When it comes to the development trend of SOC market, some experts predicted that SOC market would be divided into small and medium-sized enterprises and large enterprises in the future. With the awakening of security awareness, small and medium-sized enterprises will also become active users of SOC products. As we can see from the previous article, there are more people involved in this survey. When asked about the demand of enterprises for SOC, 61% of enterprises are going to deploy SOC security management platform within half a year, and 29% of enterprises say they have demand for SOC in the future. From this point of view, the prediction of experts is now true, which also shows the importance of SOC.

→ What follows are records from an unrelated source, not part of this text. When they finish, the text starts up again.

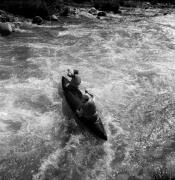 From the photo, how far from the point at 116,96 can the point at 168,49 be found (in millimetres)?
7762

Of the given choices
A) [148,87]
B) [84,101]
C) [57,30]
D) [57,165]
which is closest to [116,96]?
[148,87]

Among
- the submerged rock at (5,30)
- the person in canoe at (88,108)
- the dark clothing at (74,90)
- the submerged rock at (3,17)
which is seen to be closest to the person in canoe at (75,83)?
the dark clothing at (74,90)

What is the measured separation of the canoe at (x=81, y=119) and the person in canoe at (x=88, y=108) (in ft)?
0.37

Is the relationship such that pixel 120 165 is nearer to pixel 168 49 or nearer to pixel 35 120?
pixel 35 120

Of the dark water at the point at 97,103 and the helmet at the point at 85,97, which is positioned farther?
the helmet at the point at 85,97

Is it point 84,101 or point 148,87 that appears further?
point 148,87

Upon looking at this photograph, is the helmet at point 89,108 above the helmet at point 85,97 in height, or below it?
below

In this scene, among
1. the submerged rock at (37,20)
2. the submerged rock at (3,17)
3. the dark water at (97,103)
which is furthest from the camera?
the submerged rock at (37,20)

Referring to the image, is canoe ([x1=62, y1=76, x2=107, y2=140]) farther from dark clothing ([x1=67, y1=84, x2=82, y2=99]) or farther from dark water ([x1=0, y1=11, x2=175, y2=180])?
dark water ([x1=0, y1=11, x2=175, y2=180])

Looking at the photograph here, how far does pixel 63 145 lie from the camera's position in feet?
29.8

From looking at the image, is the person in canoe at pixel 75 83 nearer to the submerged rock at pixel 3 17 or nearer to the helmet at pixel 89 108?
the helmet at pixel 89 108

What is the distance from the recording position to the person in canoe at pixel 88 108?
9305 mm

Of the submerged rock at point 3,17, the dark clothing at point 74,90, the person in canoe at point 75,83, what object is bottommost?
the submerged rock at point 3,17

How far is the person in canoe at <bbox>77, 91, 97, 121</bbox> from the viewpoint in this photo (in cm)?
930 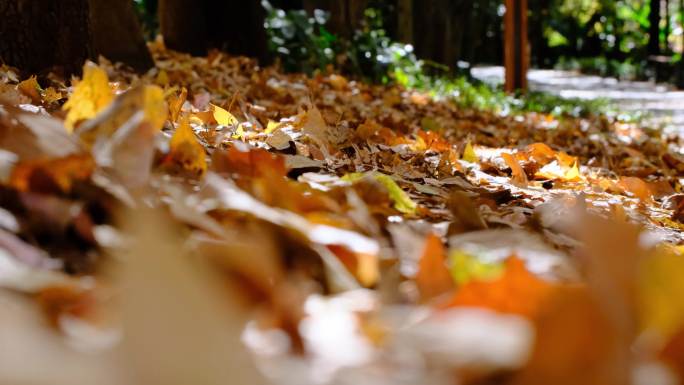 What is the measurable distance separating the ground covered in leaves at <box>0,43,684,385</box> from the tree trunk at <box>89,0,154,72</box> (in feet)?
12.9

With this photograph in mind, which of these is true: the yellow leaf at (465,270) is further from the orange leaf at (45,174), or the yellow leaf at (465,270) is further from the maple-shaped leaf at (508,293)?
the orange leaf at (45,174)

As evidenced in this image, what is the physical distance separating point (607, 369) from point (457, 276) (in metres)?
0.30

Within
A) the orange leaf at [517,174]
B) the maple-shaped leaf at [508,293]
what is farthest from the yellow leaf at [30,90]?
the maple-shaped leaf at [508,293]

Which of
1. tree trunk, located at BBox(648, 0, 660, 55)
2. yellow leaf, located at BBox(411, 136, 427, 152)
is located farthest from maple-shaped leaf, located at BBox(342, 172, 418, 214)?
tree trunk, located at BBox(648, 0, 660, 55)

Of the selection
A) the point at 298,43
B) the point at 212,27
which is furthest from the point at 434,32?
the point at 212,27

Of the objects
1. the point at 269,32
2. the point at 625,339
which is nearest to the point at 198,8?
the point at 269,32

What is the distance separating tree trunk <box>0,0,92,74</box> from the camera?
10.6 feet

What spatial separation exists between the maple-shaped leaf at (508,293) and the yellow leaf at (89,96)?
71cm

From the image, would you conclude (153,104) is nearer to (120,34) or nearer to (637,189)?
(637,189)

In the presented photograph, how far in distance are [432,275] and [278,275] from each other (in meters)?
0.18

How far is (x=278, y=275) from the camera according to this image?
2.60 feet

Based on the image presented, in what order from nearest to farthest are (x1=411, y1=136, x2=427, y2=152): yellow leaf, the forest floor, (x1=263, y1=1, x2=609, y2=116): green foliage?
(x1=411, y1=136, x2=427, y2=152): yellow leaf, (x1=263, y1=1, x2=609, y2=116): green foliage, the forest floor

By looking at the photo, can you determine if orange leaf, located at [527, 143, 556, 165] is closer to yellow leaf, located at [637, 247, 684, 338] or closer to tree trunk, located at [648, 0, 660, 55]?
yellow leaf, located at [637, 247, 684, 338]

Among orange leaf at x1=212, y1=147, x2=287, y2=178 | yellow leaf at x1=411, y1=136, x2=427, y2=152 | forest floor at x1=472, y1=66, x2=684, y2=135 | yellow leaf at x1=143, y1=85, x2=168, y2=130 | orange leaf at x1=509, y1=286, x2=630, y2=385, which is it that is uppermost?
yellow leaf at x1=143, y1=85, x2=168, y2=130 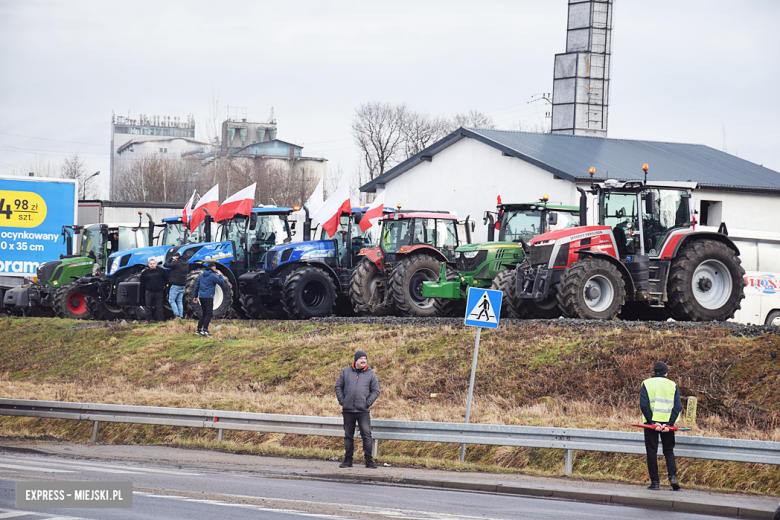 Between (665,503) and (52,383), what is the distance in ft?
48.0

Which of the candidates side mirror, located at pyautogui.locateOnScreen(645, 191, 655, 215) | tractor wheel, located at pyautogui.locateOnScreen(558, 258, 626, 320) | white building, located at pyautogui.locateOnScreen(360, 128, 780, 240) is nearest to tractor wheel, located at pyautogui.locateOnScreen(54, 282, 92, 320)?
white building, located at pyautogui.locateOnScreen(360, 128, 780, 240)

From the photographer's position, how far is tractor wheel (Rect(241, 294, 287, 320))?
25.4 m

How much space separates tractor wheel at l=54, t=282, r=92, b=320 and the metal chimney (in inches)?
793

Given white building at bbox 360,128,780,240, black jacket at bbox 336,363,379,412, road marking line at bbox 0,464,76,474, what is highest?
white building at bbox 360,128,780,240

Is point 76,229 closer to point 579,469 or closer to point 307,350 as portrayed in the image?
point 307,350

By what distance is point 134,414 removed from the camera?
15.4m

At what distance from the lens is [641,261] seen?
1781 centimetres

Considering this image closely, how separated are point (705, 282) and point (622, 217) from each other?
6.40 feet

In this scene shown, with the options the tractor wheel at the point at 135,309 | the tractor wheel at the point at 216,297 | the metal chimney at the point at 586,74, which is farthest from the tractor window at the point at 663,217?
the metal chimney at the point at 586,74

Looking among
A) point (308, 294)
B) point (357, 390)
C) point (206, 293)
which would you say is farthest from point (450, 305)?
point (357, 390)

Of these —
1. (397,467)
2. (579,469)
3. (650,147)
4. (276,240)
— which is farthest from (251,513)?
(650,147)

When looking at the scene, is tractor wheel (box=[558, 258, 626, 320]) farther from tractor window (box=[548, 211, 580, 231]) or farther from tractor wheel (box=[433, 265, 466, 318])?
tractor wheel (box=[433, 265, 466, 318])

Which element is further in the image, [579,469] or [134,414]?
[134,414]

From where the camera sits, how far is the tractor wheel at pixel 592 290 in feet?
56.7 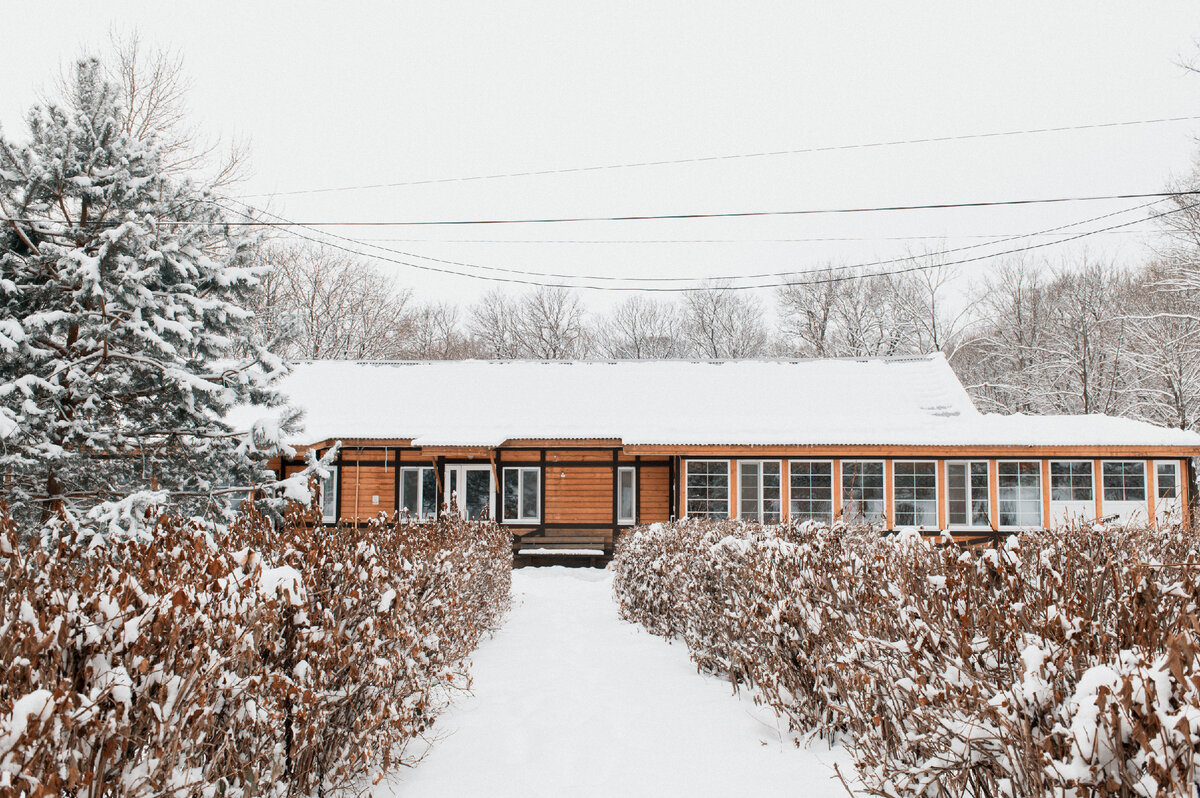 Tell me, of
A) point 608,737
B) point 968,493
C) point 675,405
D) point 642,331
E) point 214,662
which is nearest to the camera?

Section 4 problems in using SOC

Conduct problem research among enterprise users who have used or SOC, and find out the existing problems when using SOC at present. The results show that nearly 90% of enterprise users lack of professional security analysts, and can not really find and troubleshoot security problems, and 83% of enterprises lack of security operation and maintenance engineers. These two problems are similar to the lack of professional security management talents mentioned above, which once again shows that the demand for network security management talents is a bottleneck problem. In addition, the complexity of system maintenance is also a difficulty for most enterprises (82%), which also points out the direction for the future development and improvement of SOC. A small number of enterprises (18%) think that the deployment process of SoC system is too complex and involves cross department coordination, so it is difficult to really put it assets under the jurisdiction of the platform in SoC security management. These are the issues that SOC technicians need to pay attention to at present.

Section 5 meaning of SOC

The reason why SOC can win a place in the security market is that it has its own advantages. What are the advantages of SOC? According to the data, 88% of the enterprises think that SOC has achieved the goal of avoiding the isolated island of security and realizing the integrated management of security; Another 85% of the enterprises also agree with the other two advantages of SOC, that is, correlation event analysis, which can find more potential security risks. SOC also reduces the operation and maintenance personnel and saves it costs.